B. UN NOUVEAU CYCLE HORAIRE EN REMPLACEMENT DE LA VACATION FORTE DEVANT FAIRE SES PREUVES

1. Un abandon de la vacation forte prévisible mais tardif

Une réforme des cycles de travail dans la police nationale a été engagée en 2014, avec pour objectif de mieux répondre aux attentes des personnels et de favoriser la prévention des risques psychosociaux, tout en garantissant la capacité opérationnelle dans les services. La diminution du nombre de week-end travaillés apparaissait alors comme un objectif important. Parallèlement à cet objectif, cette réforme était rendue nécessaire par les exigences de la directive européenne relative au temps de travail 31 ( * ) . Il en est résulté l'adoption du décret du 30 janvier 2017 32 ( * ) , reprenant l'ensemble des prescriptions de la directive, qui prévoit notamment que chaque agent dispose de 11 heures minimum d'interruption entre deux prises de service et de 35 heures de repos consécutif au minimum par semaine.

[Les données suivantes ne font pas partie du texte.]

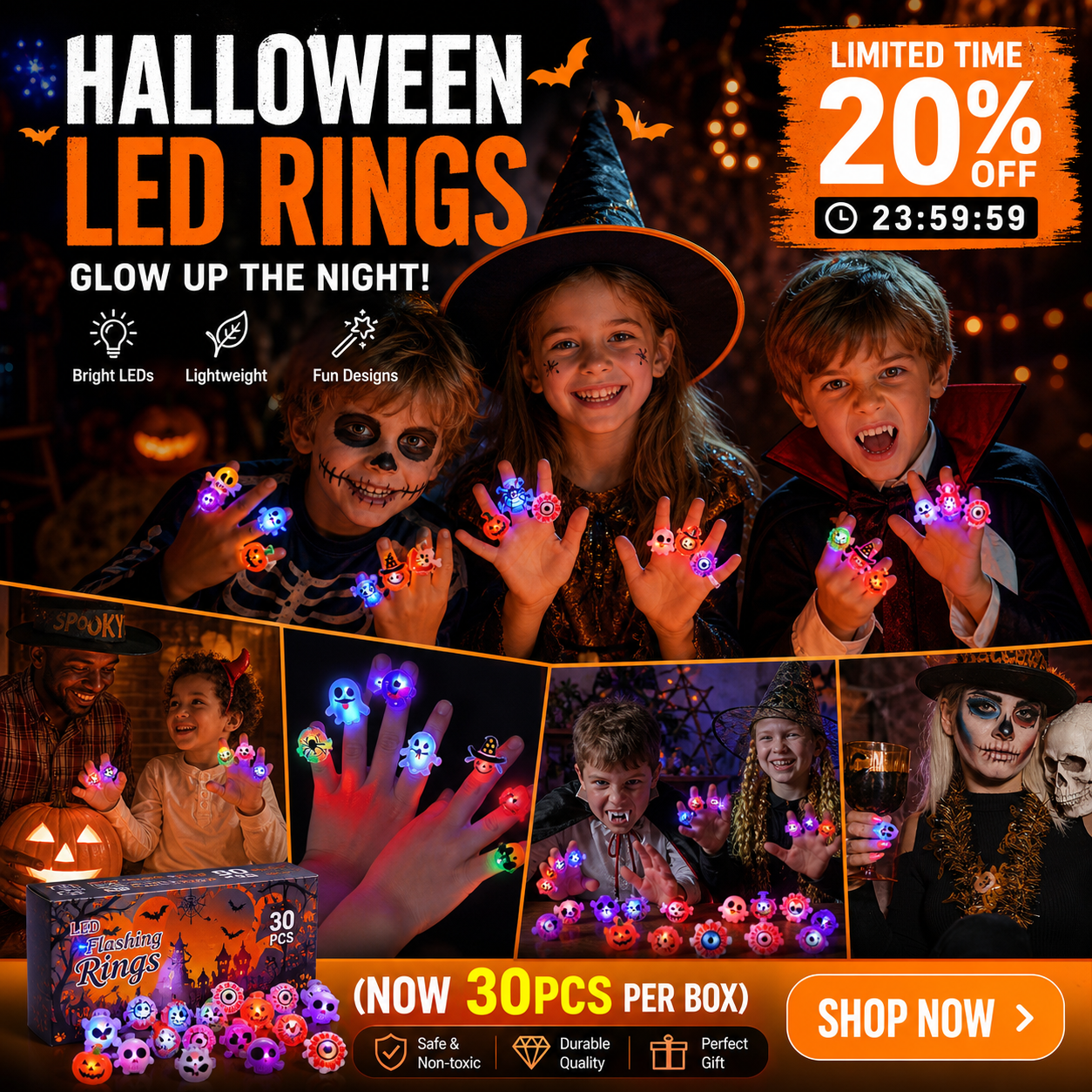 💍✨50-Pack of Spooky LED Rings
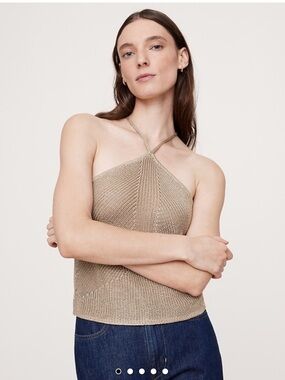 NWOT Banana Republic Sweater Shimmer Halter Top Size Medium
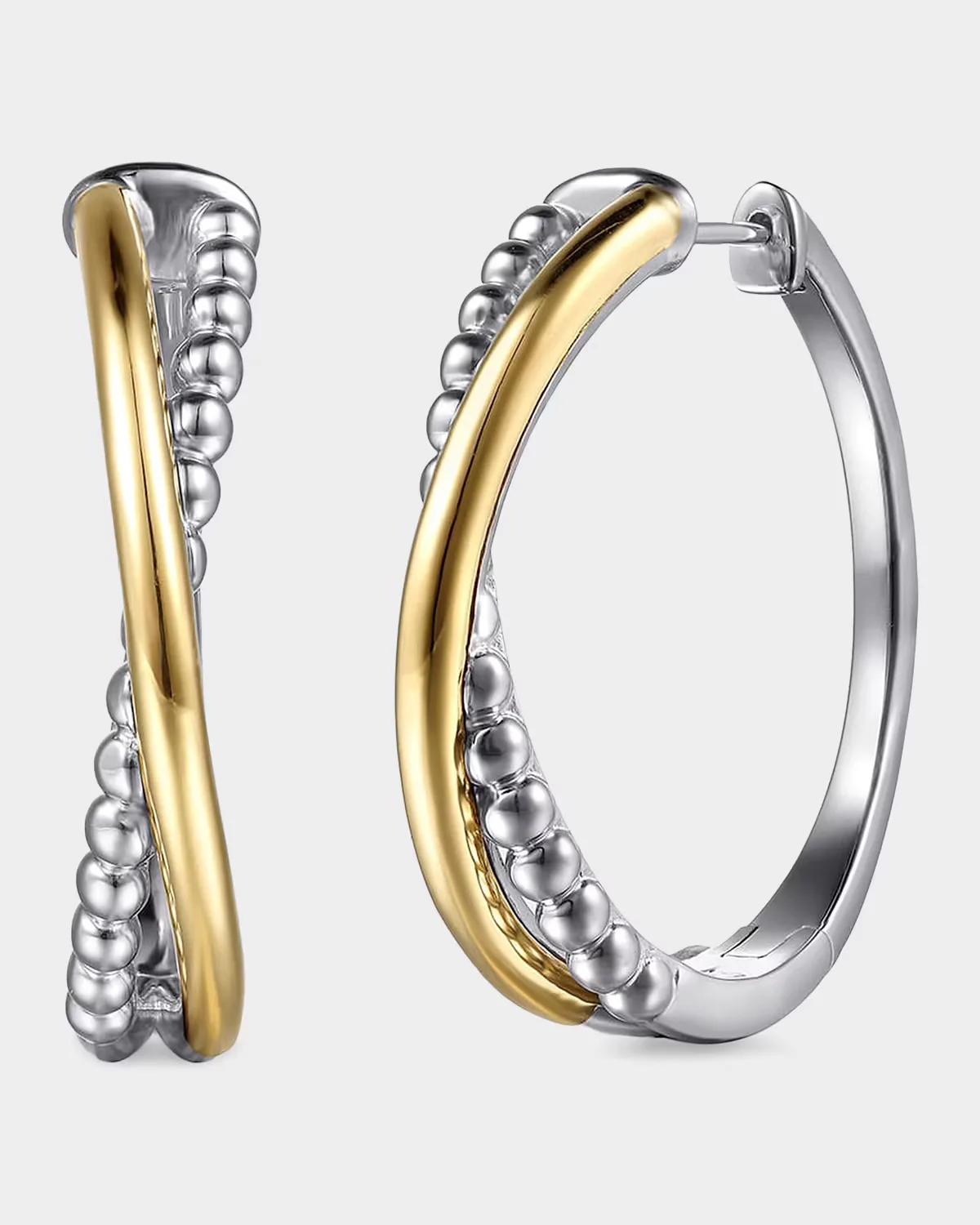 14K Yellow Gold and 925 Sterling Silver Bujukan Criss Cross Intricate Hoop Earrings by Gabriel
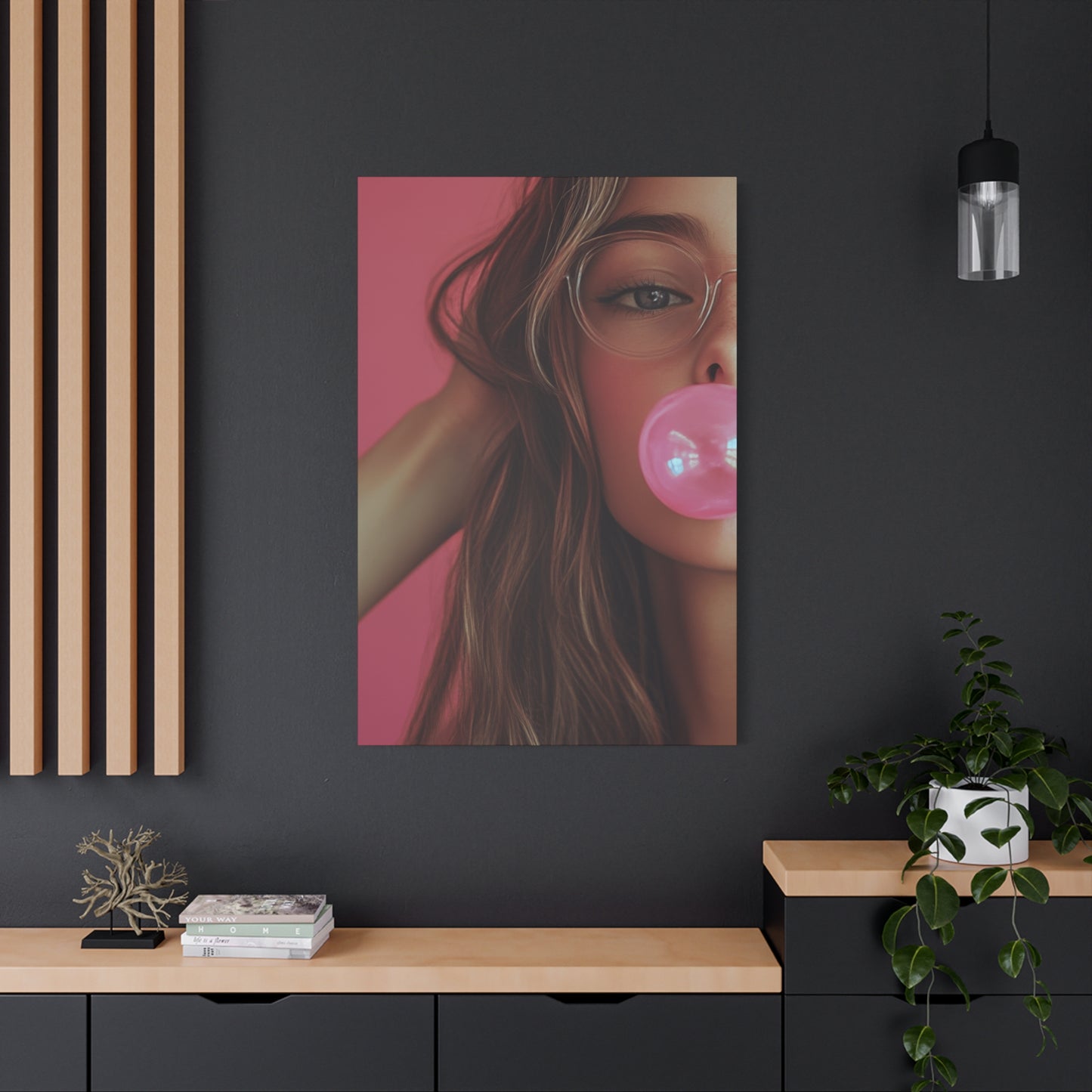 Trendy Bubblegum Girl Wall Art – Soft Pink Portrait Canvas Print with Retro Glasses Aesthetic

La modification en septembre 2016 des instructions générales relatives à l'organisation du travail des personnels actifs et des personnels administratifs, techniques et scientifiques (IGOT) du 18 octobre 2002 a ainsi intégré le cycle dit de la « vacation forte », qui avait la préférence des organisations syndicales, car il permet au fonctionnaire d'être en congés un week-end sur deux plutôt qu'un week-end sur six pour les autres cycles alors proposés.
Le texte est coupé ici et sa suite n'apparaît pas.